If you're planning on gifting millions of dollars to organizations and family members while you're alive, do it now.
The Tax Cuts and Jobs Act raised the gift and estate tax exemption — also known as the unified credit — to $11.18 million per person in 2018, more than doubling the limit under the old tax law.
This means that any one person could transfer more than $11 million, either in the form of gifts while alive or in bequests after death — and do so without having that amount be subject to the 40 percent gift and estate tax.
Wealthy families should know that while they have the blessing of the IRS to make large gifts for now, the exemption is set to fall back to about $5 million per person at the end of 2025.

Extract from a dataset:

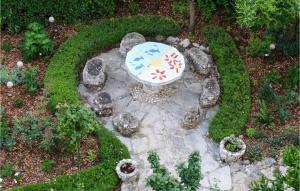 a garden with a table on top of a stone path at Nice Apartment In Omis With Wifi in Tice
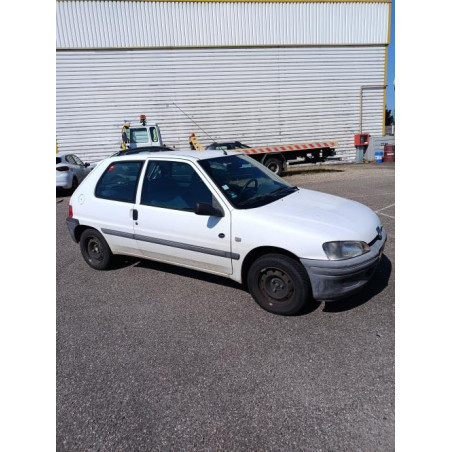 Optique avant principal gauche (feux)(phare) PEUGEOT 106 Photo n°1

Accountants are questioning whether that means that gifts in excess of $5 million might be clawed back into the donor's estate and hit with the gift and estate tax if you die after 2025.
"Many people are concerned about having a claw-back," said Andrew M. Katzenstein, partner in the private client services department at Proskauer Rose in Los Angeles. He spoke at the American Institute of CPA's ENGAGE conference in Las Vegas on Monday.
"They're thinking about what kind of planning they should do if they make big gifts and die when the exemption is down," he said. "Will Congress say that you made an $11 million gift, but now it's $5 million, so that $6 million gets clawed back?"
For now, the answer is "nobody knows," said Katzenstein.